Senate Bill 12, signed by Republican Gov. Greg Abbott in 2023, makes it a crime to host or perform a “sexually oriented performance” in public or in the presence of minors. Though it never mentions drag, state leaders framed it as a drag ban. Lt. Gov. Dan Patrick called it an effort to “ban children’s exposure to drag shows,” and bill author Sen. Bryan Hughes said it targeted “sexually explicit performances like drag shows.”
The ruling marks a sharp turn from a September 2023 decision by U.S. District Judge David Hittner, who struck down S.B. 12 as an unconstitutional restriction on free speech. At the time, Hittner wrote that the statute “impermissibly infringes on the First Amendment and chills free expression,” noting its vague language could criminalize everything from drag story hours to theater performances.

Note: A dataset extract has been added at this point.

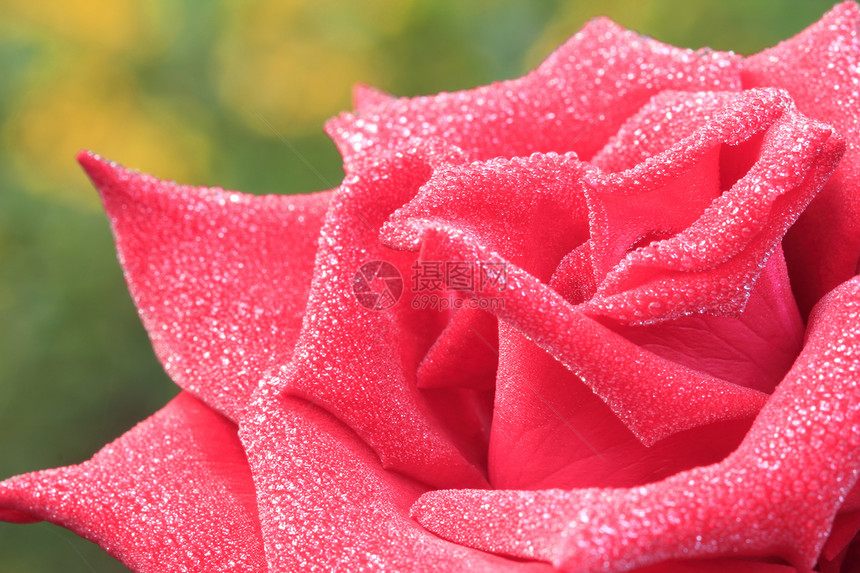 红玫瑰花园液体飞沫香味感觉情人植物玫瑰情绪花瓣图片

The Fifth Circuit majority disagreed, writing that “none of the trial evidence indicates that the performances are ‘in some sense erotic,’” and concluded that most plaintiffs failed to prove their events were “arguably proscribed” under the law.
Judge James L. Dennis dissented in part, warning that the majority “turns a blind eye to the Texas Legislature’s avowed purpose: a statewide ‘drag ban.’” He pointed to legislative records and public comments from Texas officials such as Gov. Greg Abbott and Lt. Gov. Dan Patrick, who celebrated the law’s passage as a ban on drag shows.
The panel said Hittner must reconsider the case under the U.S. Supreme Court’s Moody v. NetChoice standard, which allows facial First Amendment challenges only if a law’s unconstitutional applications “substantially outweigh” its valid ones.
The case will return to Houston for reconsideration under the new test, leaving Texas’s drag performers and Pride organizers facing renewed uncertainty.